The transition from silent to sound films is one I never really thought about before, but it’s fascinating. Being successful in one medium, definitely doesn’t guarantee crossover success in another. Memorizing and delivering lines. Having the right kind of voice. The ability to sing. It’s a different kind of acting. There’s a scene in the film, where the star actress continues to miss her mark on the stage while shooting a scene. In the past, during silent films, this wasn’t the biggest deal, but in the sound film era, the marks were meticulously placed in accordance to where microphones had been rigged above. The skills required to succeed in these new kinds of films were different. What it meant to be good was quickly redefined.

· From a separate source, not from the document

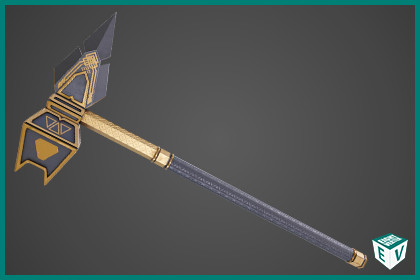 Battle Hammer 04 URP HDRP Textures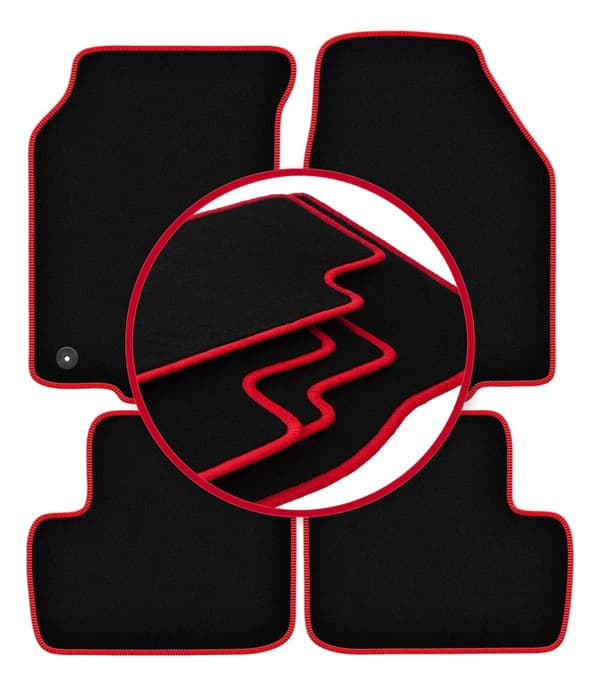CARLUX-RED bilmåtter til: Rover 200 hatchback (2000-2005)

The back half of the film gets dark, as the former star actress struggles to remain relevant, as we see the film industry evolving quickly, and many former stars unable to keep pace. Of course, if you follow startups and the history of technology, this story probably sounds familiar. It is what defines the rise and fall of companies across industries. Technological shifts create opportunities for new winners to emerge, while simultaneously forcing incumbents to adapt or risk becoming irrelevant. At least this used to be popular wisdom. It’s why founders create startups. It’s why venture investors deploy dollars. Everyone is trying to start or back the next big thing. And to become the next big thing, you often have to disrupt one of the existing big things. In recent years, many have questioned if that popular wisdom of disruption still held true. The big dominant tech players seemed to only become bigger and more entrenched with each passing year. With fewer startups able to directly compete and take market share. People claimed that this generation of big company leaders had learned from past shifts, and were trained in the art of disruption. Now many are left wondering what’s possible for new entrants today.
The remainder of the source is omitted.